Mittwoch, 31. Dezember 2014
Das große Dilemma
Der Mensch ist ein gar seltsam Wesen,
zwar kann er schreiben, rechnen, lesen,
doch tief im Innern sitzt ein Kern,
der hält ihn vom Sozialen fern.
Und dieser Kern kennt kein Gewissen,
auf Ethik wird schon lang gesch...,
denn als der Mensch im Urwald hauste,
im Laufschritt durch die Steppe brauste,
da ging es nur ums Überleben.
Das hat Natur ihm mitgegeben!
Dann legte sich Verstand darüber,
doch ist der Kern noch nicht hinüber.
Der wühlt sich frei, verdrängt den Geist,
den man inzwischen göttlich heißt.
Und so entsteht im Zeitensprung
die nahe Götterdämmerung.
Der Mensch erfährt es leider täglich,
daß GEIST und er sind unverträglich
Sonntag, 28. Dezember 2014
Das Ende des Jahres 2014
Das Jahr hat wenig noch zu bieten.
Zwei Tage noch, dann ist ´s Vergangenheit.
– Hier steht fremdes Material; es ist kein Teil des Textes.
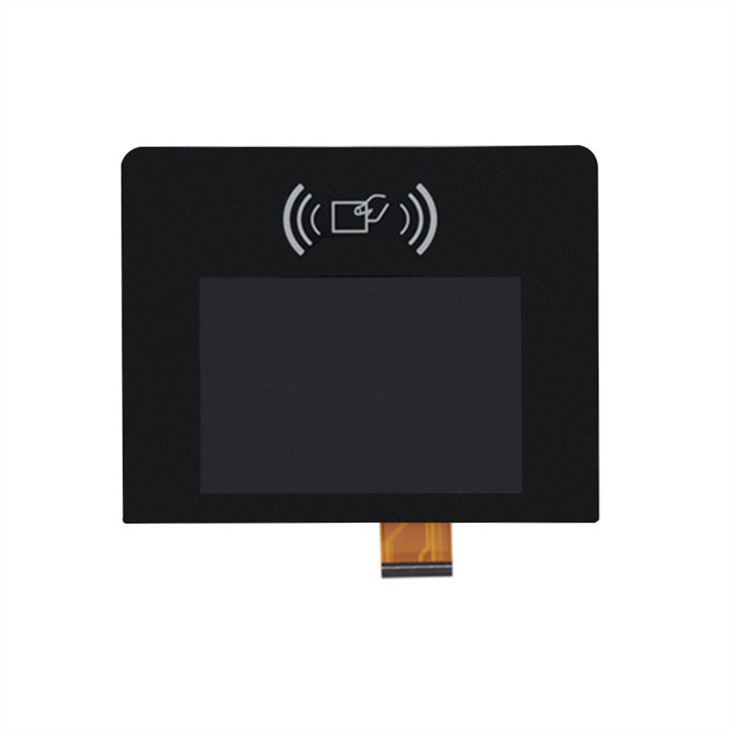 3.5 Inch IPS TFT LCD94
Ganz allgemein zog die gesamte Menschheit Nieten,
hat sich von ihrem Unglück nicht befreit.
Ein Flüchtlingsstrom ergoß sich in die Welt
von Armut, Krieg und Despotie gespeist,
Uneinigkeit und Ignoranz am Fließen ihn erhält.
so werden Kultur und Länder ausgelöscht, verwaist.
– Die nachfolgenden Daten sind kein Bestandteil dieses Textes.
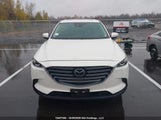Mazda Cx-9 JM3TCBCY7M0450744 fotografie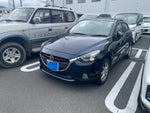 DEMIO 4WD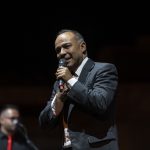 RISAS Y MÚSICA CON "EL BAILE DE ANTAÑO"
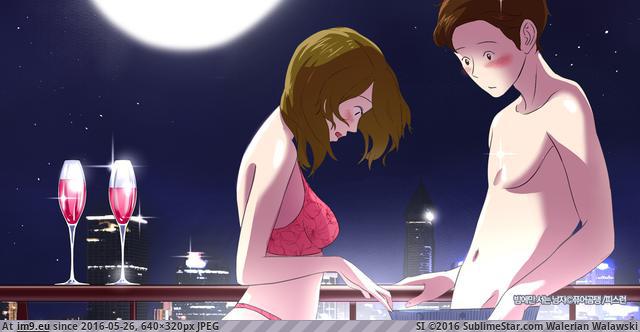 #Night #Standing #Man 001_Only_a_man_standing_at_night Pic. (Image of album torscrape))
Du altes Jahr, hast große Last gebracht.
Sei friedlich nun in deinen letzten Stunden.
Das Buch, von dir geschrieben, wird nun zugemacht,
dein Abschied als Erleichterung empfunden!
Freitag, 26. Dezember 2014
Nachwehen
Schon der zweite Weihnachtstag
läßt die Feierlichkeit abklingen.
Nur ganz vereinzelt hört man
fromme Lieder singen.
Der Alltag beginnt mit dem zwölfer
Glockenschlag.
Der Hauch von Weihnacht ist verweht.
Nun wird auch der Weihnachtsbaum verbannt.
Streng Gläubige werden daran erkannt,
daß bis zum Königstag er in den Stuben steht.
Auch die Krippe packt man wieder ein,
mit heiliger Familie, Schafen , Ochsen.
Nur bei den griechisch Orthodoxen
setzt Weihnachten im neuen Jahr jetzt ein.
So ist der Glaube auch den Zeiten unterworfen,
wie Religionen auch dem Zufall unterliegen.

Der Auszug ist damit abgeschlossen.